KONUK YAZAR | Anıl Talat Eryontuk, Cumhuriyet'in Ege'si için yazdı...

İZMİR / Cumhuriyet

Bugün 4 Ekim 2022

Dünyayı paylaştığımız dostlarımızın, hayvanların günü…

Hayvanları korumak ve bu konuda farkındalık yaratmak için 1931 yılında Floransa’da kabul edildiği Hayvanları Koruma Günü’nden bu günlere baktığımızda kutlama yapılacak bir durum olmasa da onları yokmuş gibi görmezden gelemeyiz tabi ki!

Hele ki ülkemizde…

Neden mi?

Ayıların, dağ keçilerinin hatta üveyik kuşlarının vurulması için ihale gerçekleştiren sokaklarda öldürülen hayvanların “görüntüsü yok” diyen devlet kurumlarımız var da bu ülkede de o yüzden.

“Belediye zehirlemezse ben öldürürüm” diyenden tutun, aracının arkasına bağlayarak sürükledikleri canlıları videoya çekerek sosyal medyada yayınlayan birçok hasta var ne yazık ki!

Hayvanların acı çekmelerine, ölümlerine sebep olan ve bu duruma sessiz kalan tüm kişi ve kurumlar suçludur bu böyle bilene.
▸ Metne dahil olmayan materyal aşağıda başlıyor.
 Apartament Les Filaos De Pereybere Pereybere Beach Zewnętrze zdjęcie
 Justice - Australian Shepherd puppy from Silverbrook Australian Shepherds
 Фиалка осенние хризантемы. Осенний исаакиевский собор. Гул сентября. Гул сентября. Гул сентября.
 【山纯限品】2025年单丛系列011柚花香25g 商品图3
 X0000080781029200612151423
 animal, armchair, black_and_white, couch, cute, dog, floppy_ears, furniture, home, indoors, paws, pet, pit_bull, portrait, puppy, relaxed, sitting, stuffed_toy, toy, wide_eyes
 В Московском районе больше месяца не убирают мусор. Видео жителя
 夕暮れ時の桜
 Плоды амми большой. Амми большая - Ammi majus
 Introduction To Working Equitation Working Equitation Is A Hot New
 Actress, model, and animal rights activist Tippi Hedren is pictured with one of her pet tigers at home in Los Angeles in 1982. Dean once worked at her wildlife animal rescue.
Hayvanları Koruma Kanunu hayvanları gerçekten koruyan hükümler içerene kadar, hayvanat bahçeleri kapatılıp kurtarma merkezine dönüşene kadar bu suça sessiz kalanlar vicdanlarında yargılanacaklar hiç şüphesiz.

Bunlar dışında devlet kademelerine liyakat sahibi eğitimli duyarlı kişileri göreve getirmeyen siyasilerde suçun en büyük ortaklarından.
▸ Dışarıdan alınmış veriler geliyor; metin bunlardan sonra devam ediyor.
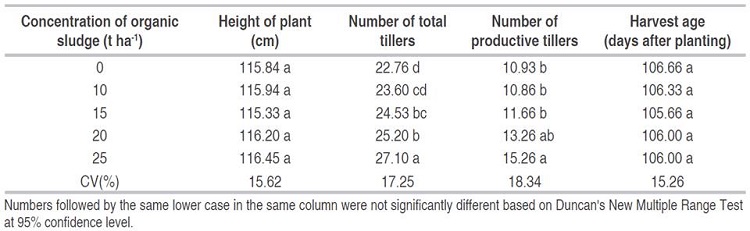 Effects of the few changes on the plant development on height of plant, number of total tillers, number of productive tillers and harvesting age.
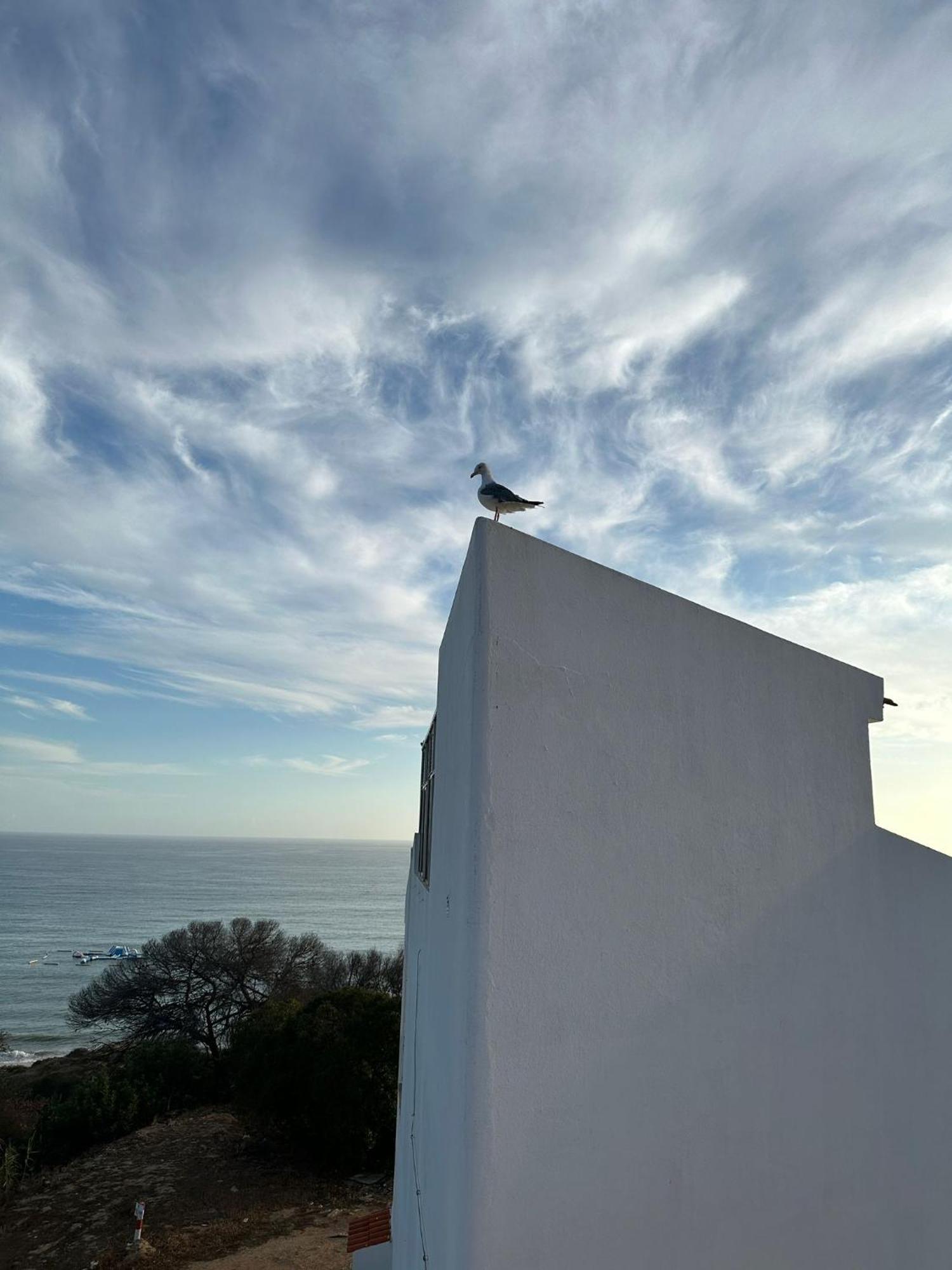 شقة البوفيرا  في Golden Cliff House المظهر الخارجي الصورة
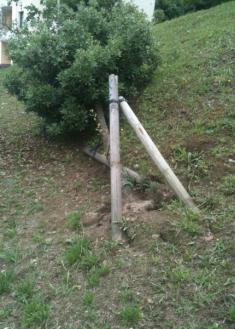 Árbol caído desde hace más de un año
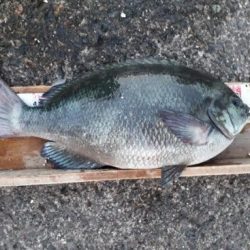 グレ！！シーズン的に厳しいかと思いましたが、、、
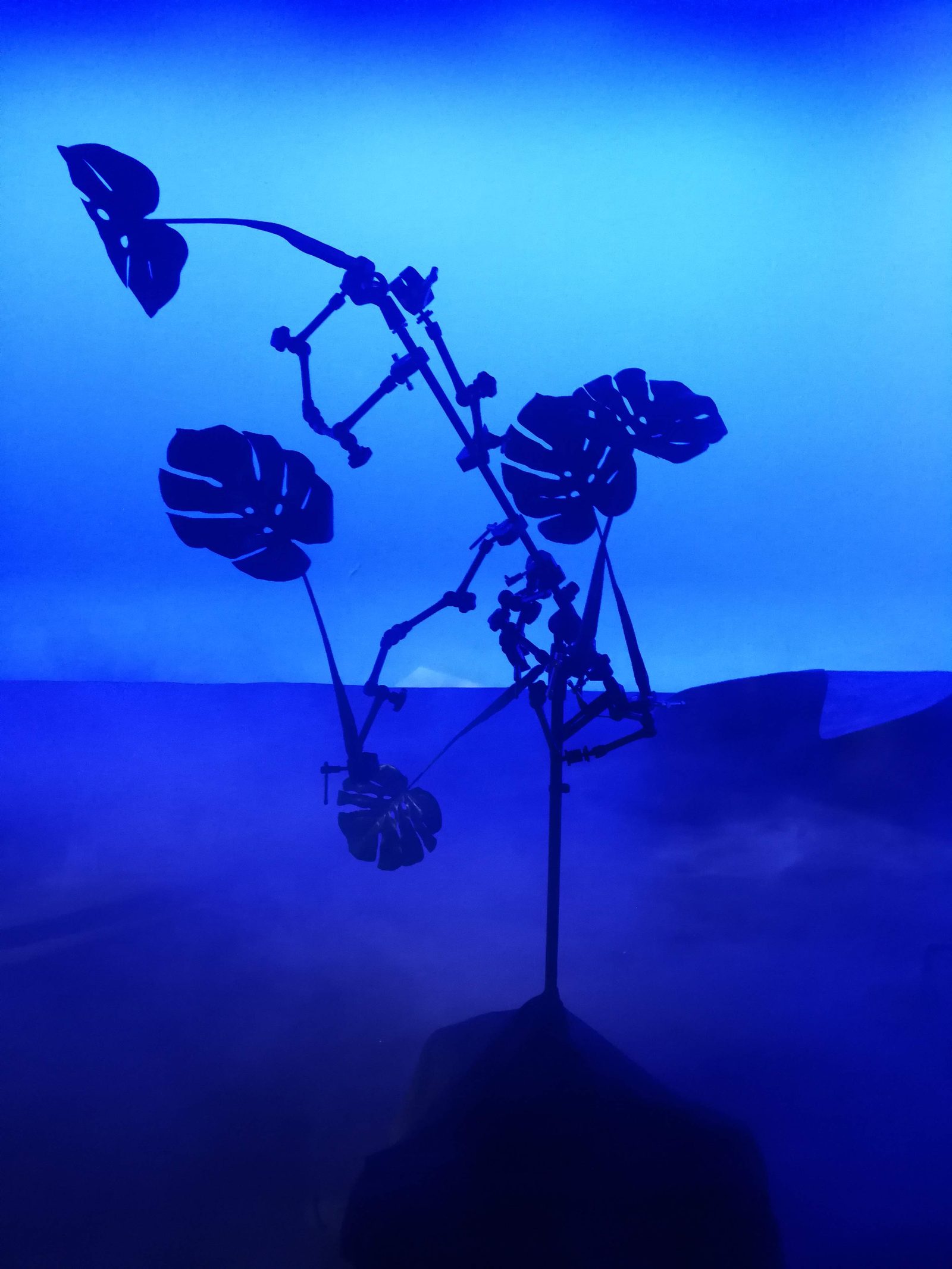 Set design — Mass, film de Pierre Pauze — Une plante sculptée, en contre-jour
Hayvanlara işkence edenler tutuklanana kadar, can dostlarımızın hakları hukuken güvence altına alınıncaya kadar 4 Ekim’i kutlamak işte bu nedenle manasızdır.
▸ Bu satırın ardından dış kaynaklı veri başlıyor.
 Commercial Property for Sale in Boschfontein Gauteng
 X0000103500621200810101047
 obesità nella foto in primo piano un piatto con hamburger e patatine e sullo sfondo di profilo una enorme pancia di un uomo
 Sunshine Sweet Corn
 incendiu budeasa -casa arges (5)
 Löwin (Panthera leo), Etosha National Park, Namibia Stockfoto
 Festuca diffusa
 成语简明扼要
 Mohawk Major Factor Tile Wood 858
365 gün boyunca hayvanların işkencelerine göz yuman bizlerin bunca eziyeti göstermelik bir güne sığdırmaya çalışmamız da ayrı bir muammadır.

Bir vatandaş olarak bu durumdan derin hicap duyduğumu özellikle belirtmek isterim.

Hayvanları Koruma Yasası’nın hala arzu edildiği gibi değiştirilemediği bir ortamda kutlanacak bir durum olmadığını düşünenlerdenim.

Hayvanların doğal dengenin içinde rol alan en büyük canlı topluluğu olduğunu hiçbir zaman göz ardı etmemeliyiz. 

Zaman hayvanları sevmenin ve korumanın insanlığın en büyük görevlerinden bir tanesi olduğu gerçeğiyle yüzleşmenin zamanıdır.

Tüm bunların ışığında 21 yy. dünyasının hayvanları sevmenin, onları esaret altına almakta değil, doğal yaşamlarına yardımcı olacak şekilde merhamet etmekten geçtiğini anladığımız bir zaman dilimi olmasını ümit ediyorum.

Unutmadan kimi çevrelerin çok kullandığı şu cümleleri eleştirmeden edemeyeceğim:

“Milyonlarca insanın açlık, hastalık, fakirlik ve en önemlisi adaletsizlik yüzünden acı çektiği bir dünyada, kendilerini hayvanların korunmasına, beslenmesine ve haklarına adayanları anlamıyorum. Hayvan haklarını korumaya harcayacağınız enerjinizi ve paranızı ihtiyacı olan insanlara harcamaktan neden çekiniyorsunuz?”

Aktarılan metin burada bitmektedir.